The congressional lawmakers who drafted Section 230 of the Communications Decency Act (1996) have said the law will not protect AI tools like ChatGPT from liability.
Sen. Ron Wyden (D-Ore.), an original drafter of the 1996 law, maintains that the law will not allow AI technology created by Big Tech giants like Google to run unchecked. AI chatbots don’t host content, they produce content, he argued.
“To be entitled to immunity, a provider of an interactive computer service must not have contributed to the creation or development of the content at issue,’ he told The Washington Post. “So when ChatGPT creates content that is later challenged as illegal, Section 230 will not be a defense.’”
47 U.S. Code Section 230 states that no “provider or user of an interactive computer service shall be treated as the publisher or speaker of any information provided by another information content provider.” [Emphasis added.]
"AI tools like ChatGPT, Stable Diffusion and others being rapidly integrated into popular digital services should not be protected by Section 230,” Wyden said. “And it isn’t a particularly close call.”
Wyden added that Big Tech giants would have to suffer the consequences of their own actions.
“Section 230 is about protecting users and sites for hosting and organizing users’ speech,” he reportedly stated. He added that the law “has nothing to do with protecting companies from the consequences of their own actions and products.”
Former Congressman Chris Cox (R-CA), who co-wrote the law, now sits on board for the pro-tech trade group NetChoice. Google, Amazon, Twitter, and Meta are listed as “association members” of the tech group. Cox said the law is clear: artificial intelligence is on its own.
“Section 230 as written provides a clear rule in this situation,” he said, according to The Post.
Legal experts have expressed concern that the law is being abused and that lawmakers never intended the law’s scope to be stretched so far.
William Barr, an Attorney General during the Trump administration, warned in a 2020 Department of Justice workshop that Big Tech platforms had no qualms about sacrificing the free speech of their users for financial gain.
“[T]he avenues for sharing information and engaging in discourse have concentrated in the hands of a few key players…the big tech platforms of today often monetize through targeted advertising and related businesses, rather than charging users. Thus, their financial incentives in content distribution may not always align with what is best for the user,” Barr said at the time.
Barr recognized the positive ways Section 230 impacted the internet over the years, but added that no one could predict how far technology would advance and allow the law to be stretched beyond its original meaning.
“Technology has changed in ways that no one, including the drafters of Section 230, could have imagined.

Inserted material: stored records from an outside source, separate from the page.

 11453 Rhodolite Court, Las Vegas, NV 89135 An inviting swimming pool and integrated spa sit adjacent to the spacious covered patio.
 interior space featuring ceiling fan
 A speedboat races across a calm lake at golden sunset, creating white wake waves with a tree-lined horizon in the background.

These changes have been accompanied by an expansive interpretation of Section 230 by the courts, seemingly stretching beyond the statute’s text and original purpose,” he said.
He also expressed concern that internet platforms would use the law as an excuse to engage in illegal activity.

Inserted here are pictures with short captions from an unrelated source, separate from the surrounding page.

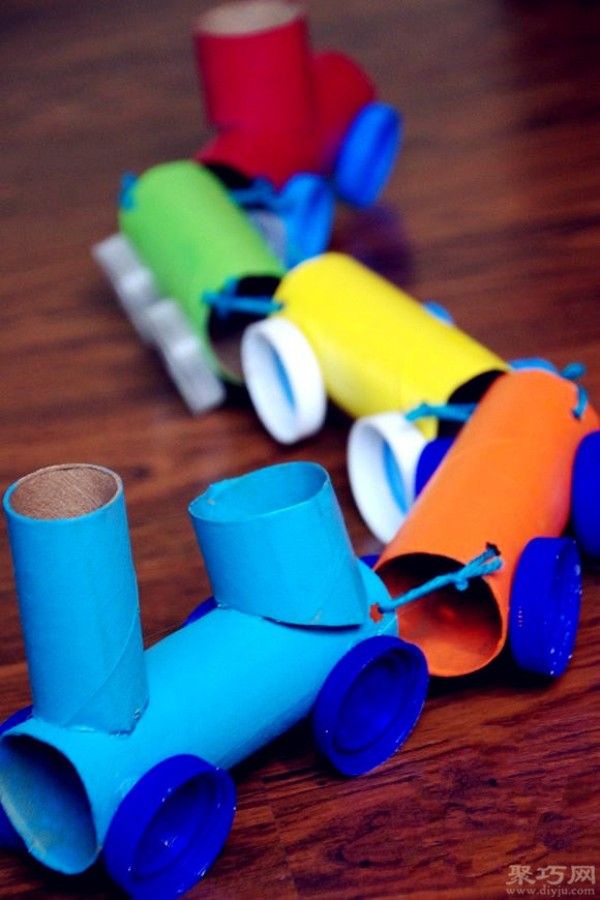 Handmade toy trains made from rolling paper cores and beverage bottle caps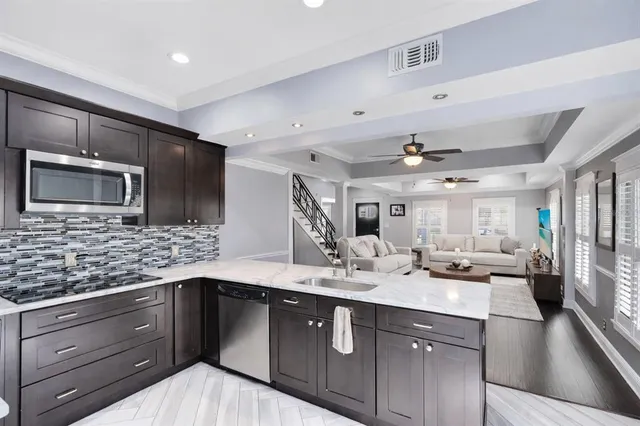 a kitchen with a sink stove and microwave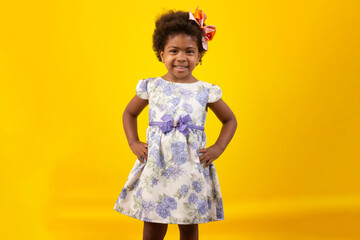 Brazilian black child with curly hair, in studio shot with various facial expressions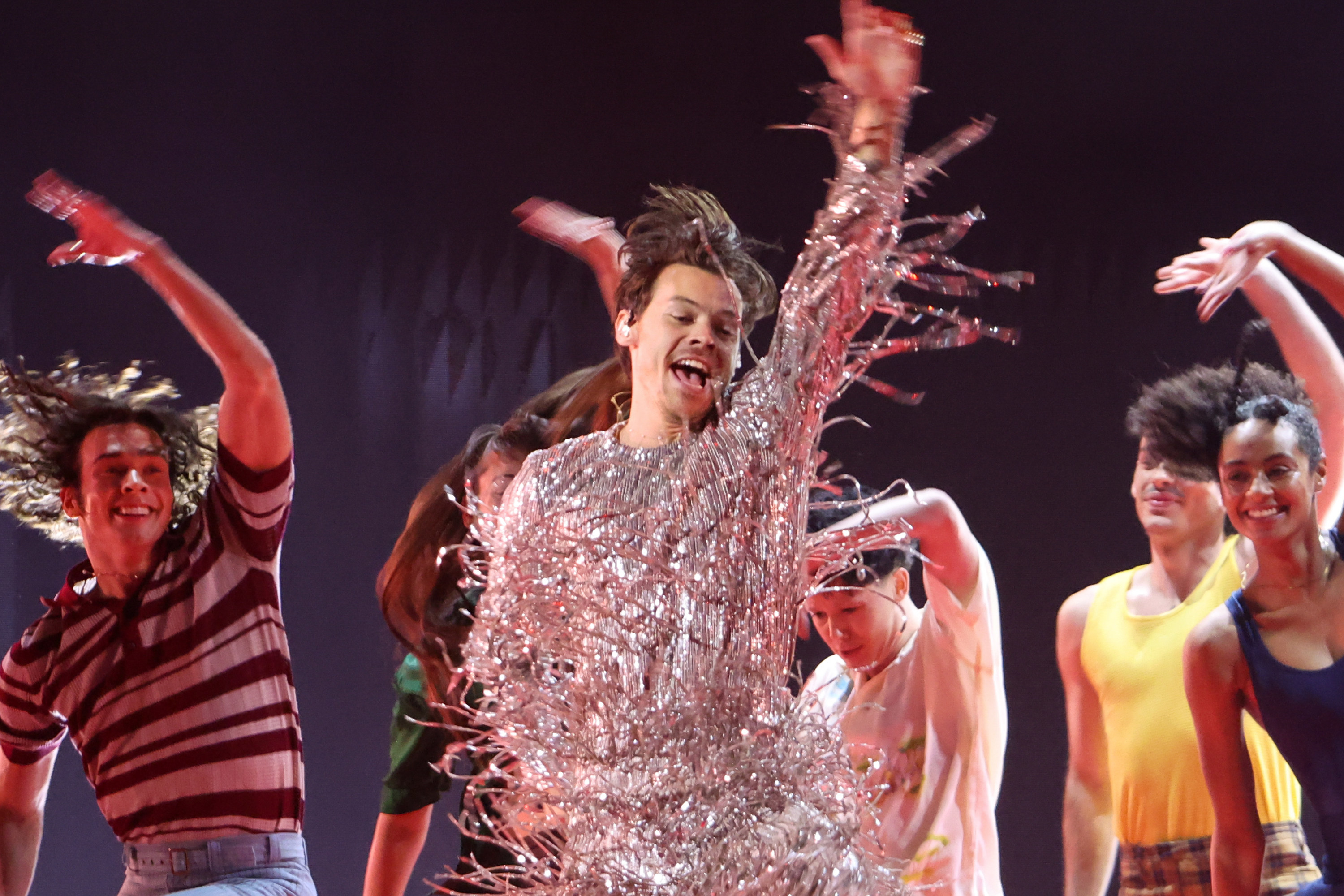 Harry Styles dances with an arm over his head surrounded by dancers mirroring the motion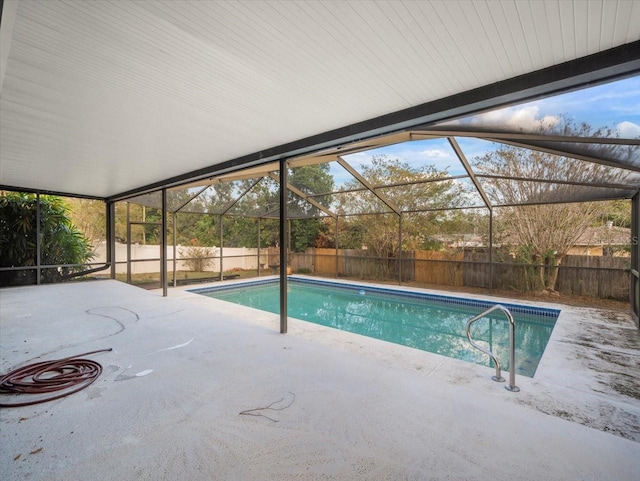 view of pool with a patio and glass enclosure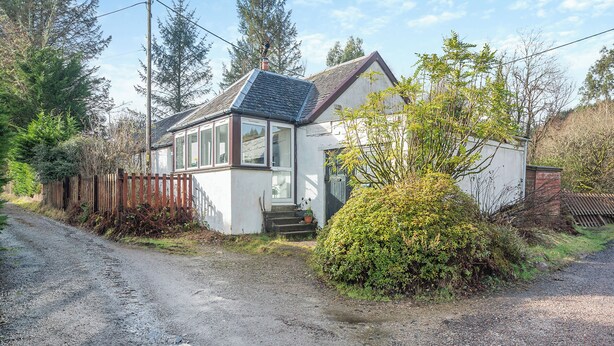 Ein kleines, eingeschossiges Haus mit Satteldach, einer Veranda und einer Auffahrt mit Kies.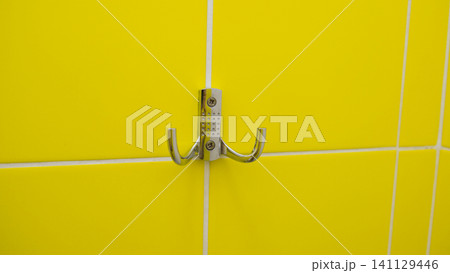 Silver metal cloth on tiled yellow wall. Strong Steel Wall Hanger. Chrome Hanger hook mounted on tile background. Mock-up. Iron clothes hook is mounted on a light wall. Ideal for hanging clothes. Silver metal cloth on tiled yellow wall. Strong Steel Wall Hanger. Chrome Hanger hook mounted on tile background. Mock-up. Iron clothes hook is mounted on a light wall. Ideal for hanging clothes. 141129446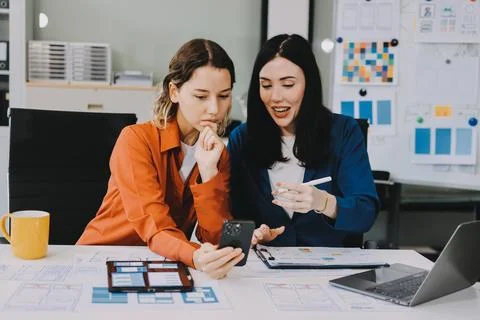 Team of UI UX web designer are working together to develop mobile responsiv.. Stock Photos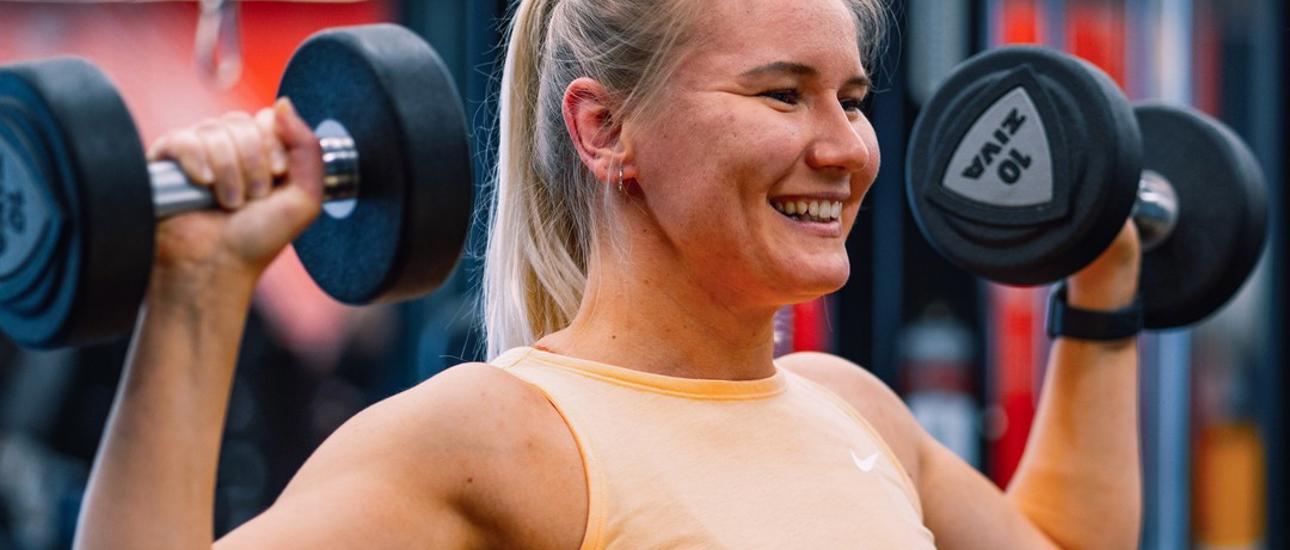Stark tjej som kör axelpress med vikter på ett Fitness24Seven gym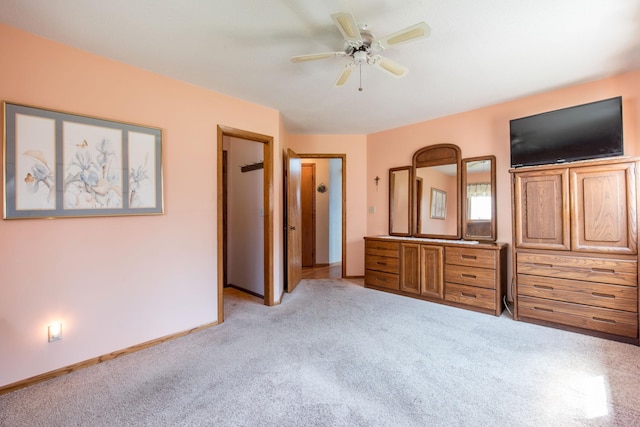 1844 Mount Carmel Dr NE, Alexandria, MN 56308 - unfurnished bedroom featuring light colored carpet, baseboards, and a ceiling fan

“We are concerned that internet services, under the guise of Section 230, can not only block access to law enforcement … [t]his would leave victims of child exploitation, terrorism, human trafficking, and other predatory conduct without any legal recourse,” he added. “Giving broad immunity to platforms that purposefully blind themselves – and law enforcers – to illegal conduct on their services does not create incentives to make the online world safer for children.”